The conclusions below, and the body of this report, were drawn up by Science|Business and are not intended to represent the views of the current Austrian Presidency of the EU.

  1. Establish a robust, dedicated and sustainable EU-level IT infrastructure and set standards to assist member states in implementing national digital health programmes, support cross-border healthcare and enable the safe and ethical re-use of pseudonymised patient data for research.
  2. Put a focus on applying digital health tools and methods to modernise primary care, integrate health and social care and provide channels forinformation to flow between healthcare providers, to ensure continuity of care.
  3. Promote sharing of data among care professionals and biomedical researchers, to ensure the benefits of digital health infrastructures are delivered.
  4. Devise a strategy for fostering health literacy at a national and EU level and establish an EU level survey of progress to promote positive competition.
  5. Re-orientate medical education, moving away from the sole on focus specialisms, to foster development of healthcare  professionals  with  a holistic view of physiology and disease - and the potential to become flexible, empathetic generalists.

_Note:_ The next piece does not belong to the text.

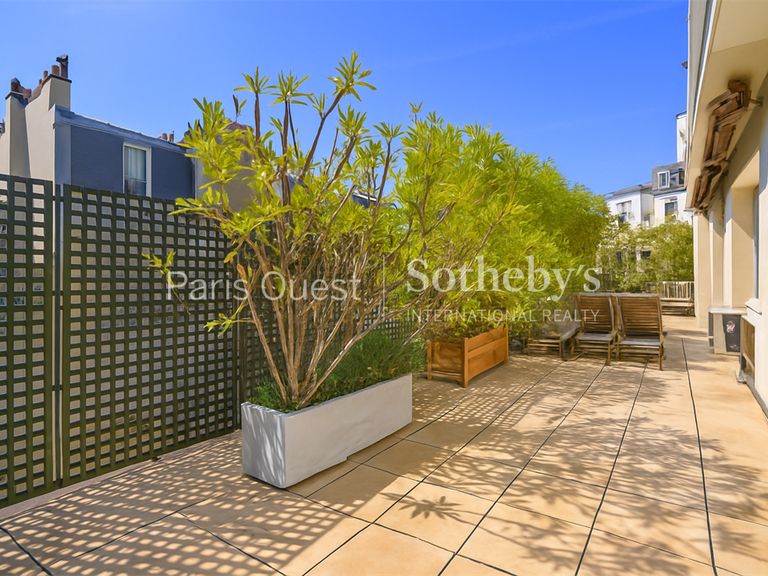 Apartment Neuilly-sur-Seine - 4 bedrooms - 184m²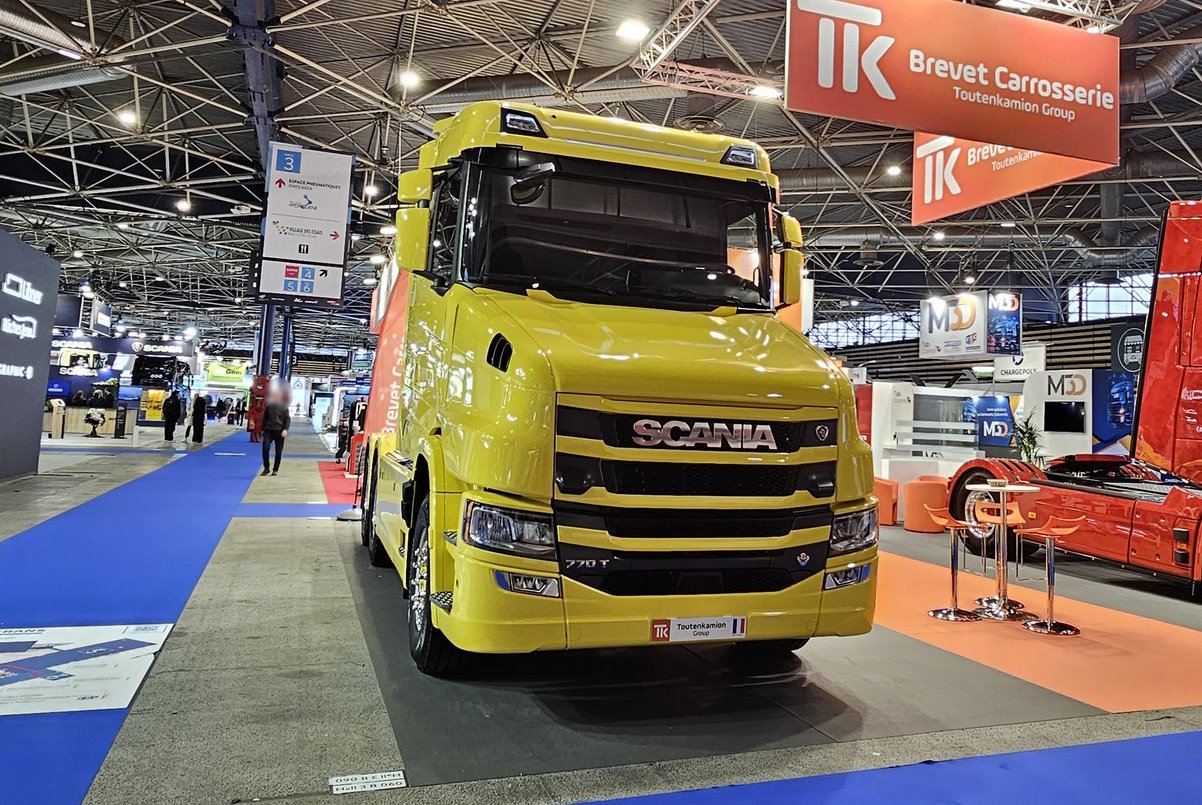 Scania 770S ganha capô da Série 4 em curiosa conversão na França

  6. Capitalise on patients’ involvement in medical education and medical research and in the care cycle.
  7. Consider an EU-backed programme of research to demonstrate the added value of training patients.
  8. Prove, and then communicate the benefits - to win citizens’ trust in the use of their health data for research.
  9. Involve patients from the preliminary stages of every clinical research project.
  10. Use digital health tools to support patients in self-care.